This article by Bill Lewis, Consultant at BWB, was originally published here and is reproduced with his permission
Corporation tax poses significant challenge to charities of all sizes – here are some of the common bear traps and how to avoid them…
There are many tax exemptions available to charities – their income from primary purpose trading, property, investments, fundraising and gifts are usually exempt from tax. However, because they are used to operating tax free they often forget that corporation tax is still payable on many sources of income. The following are my top 10 common examples of taxable income.
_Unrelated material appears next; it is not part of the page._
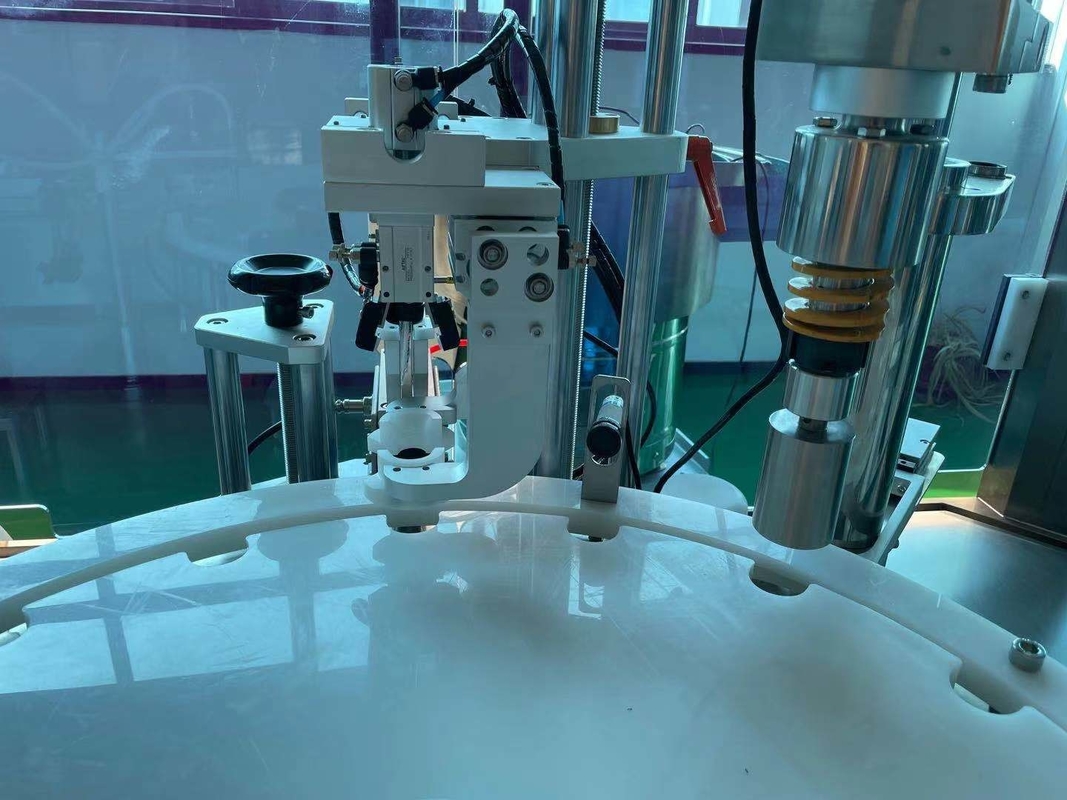 Capota automática de relleno de botellas monobloque para aceites esenciales y productos similares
- Charities often forget that the trading tax exemption only applies to income from their primary charitable activities and wrongly think that any trading they carry out is tax exempt. For example, tax will be payable on the sale of used cars even though the profits are used charitably.
- If your objects involve the care of the elderly, your income from care of children will be liable to tax on its profits even though they are both charitable activities. This is because the tax exemption only applies to income from your primary purposes, and does not apply to income from wider charitable activity. It is always worth examining your objects before undertaking a new source of charitable activity to ensure you can undertake it tax free. Some charities have very wide objects in part for this reason.
- While trading that is ancillary to the primary purpose trading is also tax exempt, wider more loosely connected trading is not. For example, a theatre bar only available to paying attendees at a play is tax exempt. A theatre bar open to anyone whether attending a performance or not is not tax exempt.
- Not all fundraising is tax exempt fundraising. There are specific limits in the rules governing the number and type of events that can be held (no more than 15 events of the same type in the same location per year).
- Note that when making grants overseas the law says you need to take the steps that HM Revenue & Customs deem as reasonable in the circumstances to ensure that a payment is spent charitably. Fail to take those steps and corporation tax can be charged on the value of the grant paid!
- A donation that requires you to give recognition of the donor is generally not a donation but is a sponsorship fee subject to tax. Instead negotiate a separate payment for sponsorship rights ensuring that the bulk of the payment received is still a donation.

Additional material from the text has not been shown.